'''

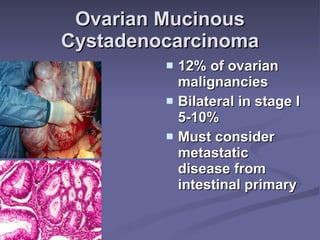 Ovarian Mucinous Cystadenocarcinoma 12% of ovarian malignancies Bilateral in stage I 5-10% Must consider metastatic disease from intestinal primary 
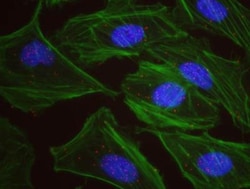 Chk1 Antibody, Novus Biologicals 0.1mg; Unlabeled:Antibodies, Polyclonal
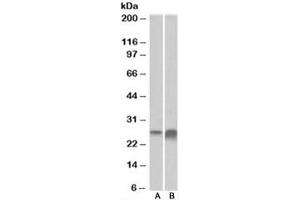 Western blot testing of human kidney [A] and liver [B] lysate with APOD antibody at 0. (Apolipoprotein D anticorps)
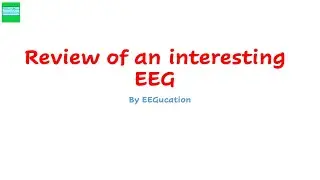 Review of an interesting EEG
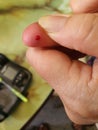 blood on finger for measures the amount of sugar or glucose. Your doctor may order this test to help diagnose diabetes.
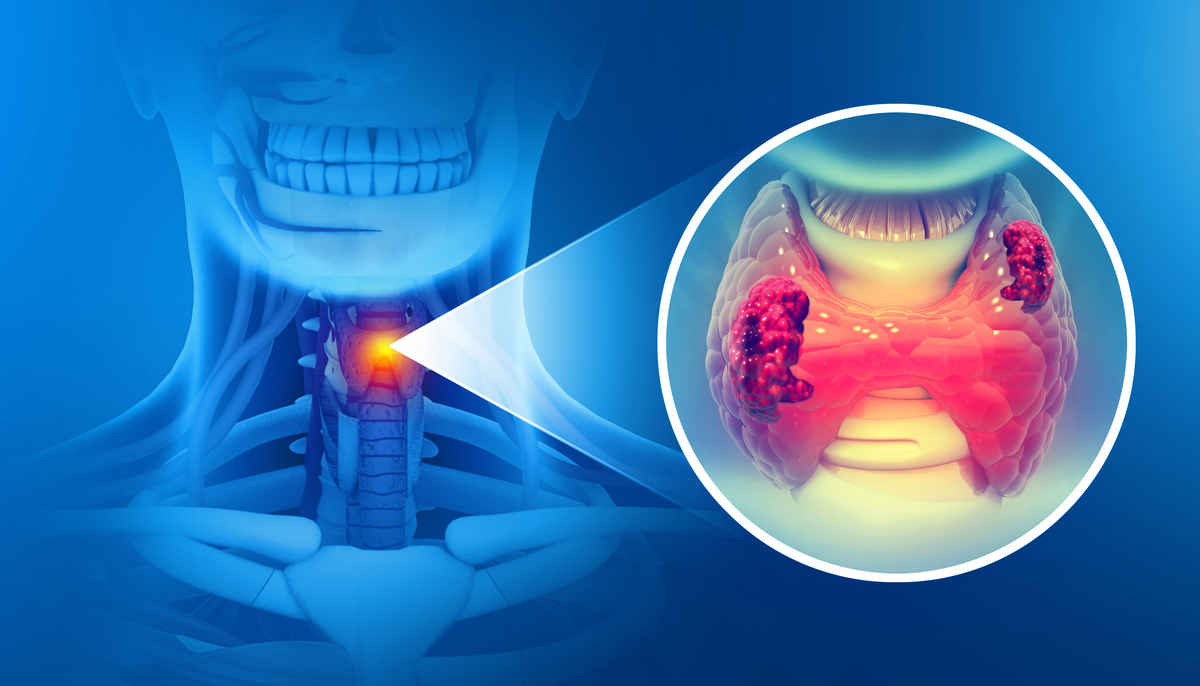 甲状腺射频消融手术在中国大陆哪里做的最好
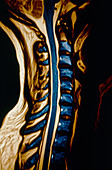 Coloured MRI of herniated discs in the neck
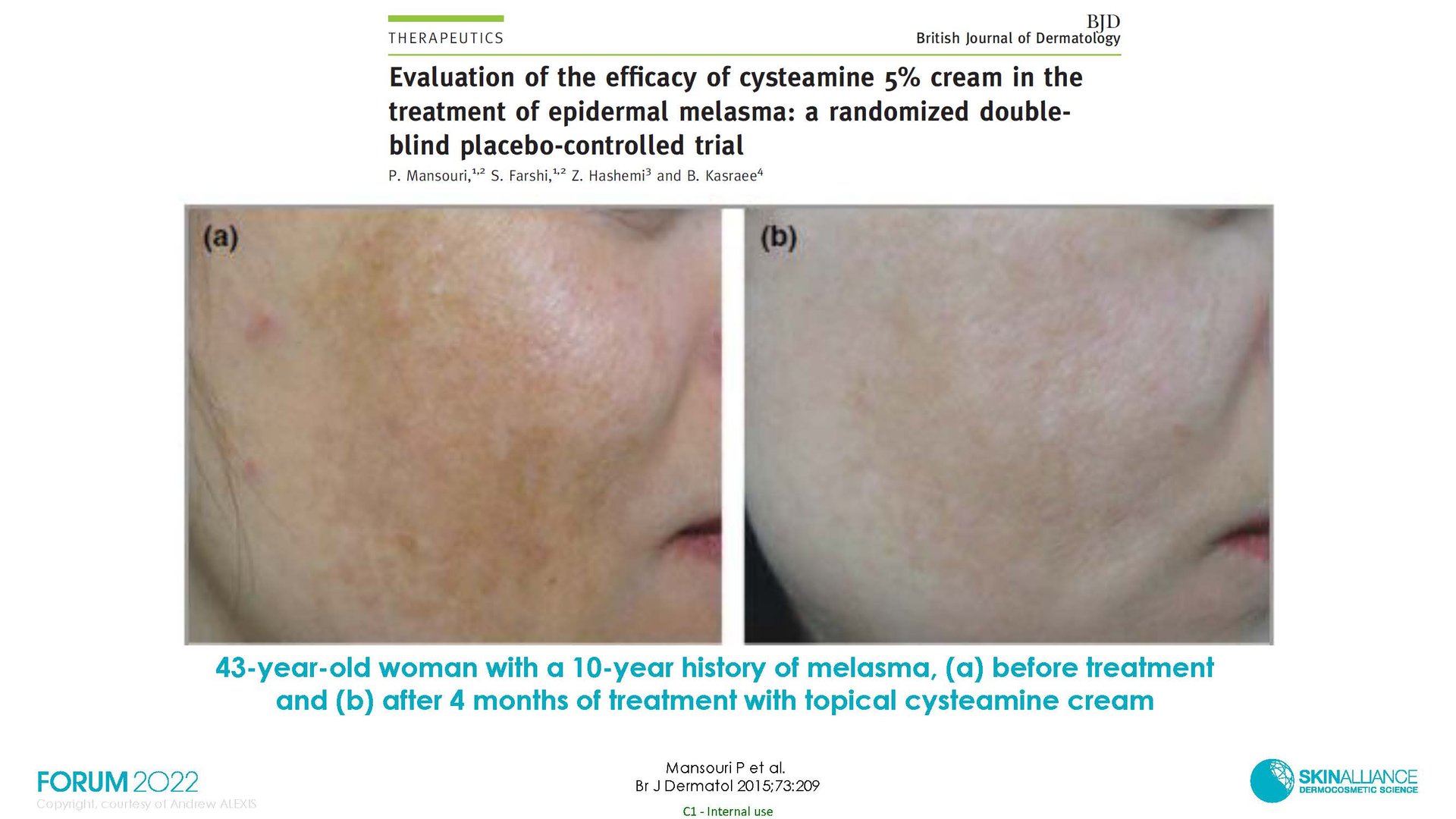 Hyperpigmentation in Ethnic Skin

'''
'''

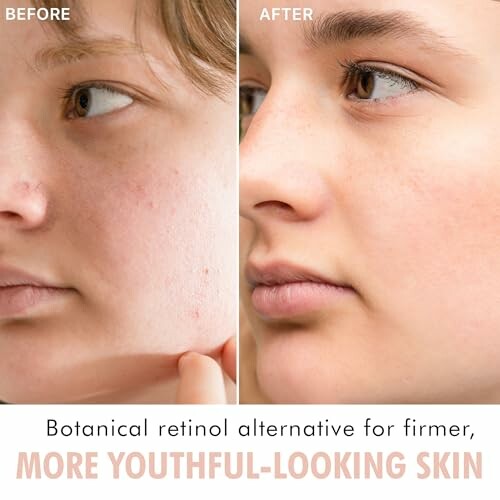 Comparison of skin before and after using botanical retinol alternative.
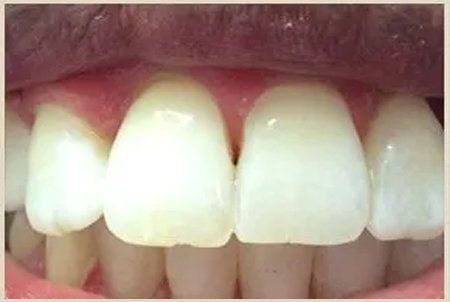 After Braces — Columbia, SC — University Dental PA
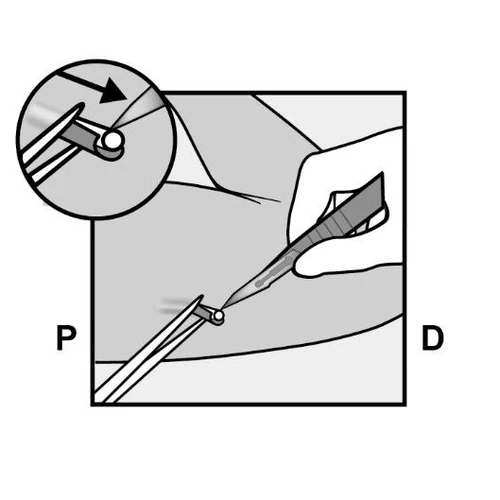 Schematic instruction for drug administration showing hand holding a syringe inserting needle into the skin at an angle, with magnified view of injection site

'''
'''

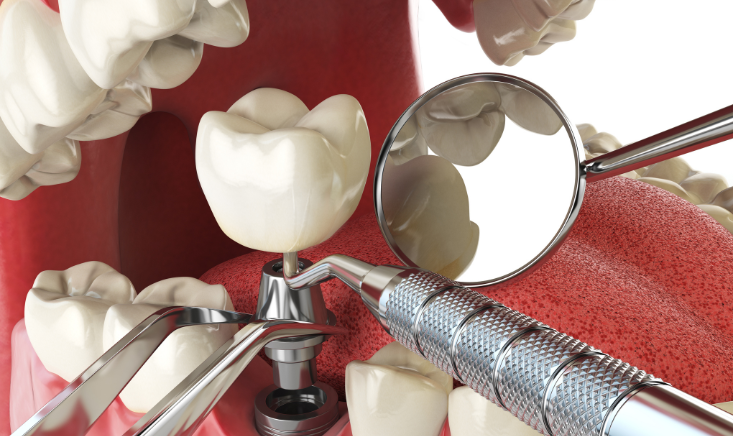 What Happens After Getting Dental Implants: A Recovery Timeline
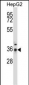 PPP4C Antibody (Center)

'''

Nothing but the lines from the one with "Coloured MRI of herniated discs in the neck" up to and including the one with "Hyperpigmentation in Ethnic Skin" should be printed, exactly as they read above. Please keep the pictures out.

#### [RESPONSE]
 Coloured MRI of herniated discs in the neck
 Hyperpigmentation in Ethnic Skin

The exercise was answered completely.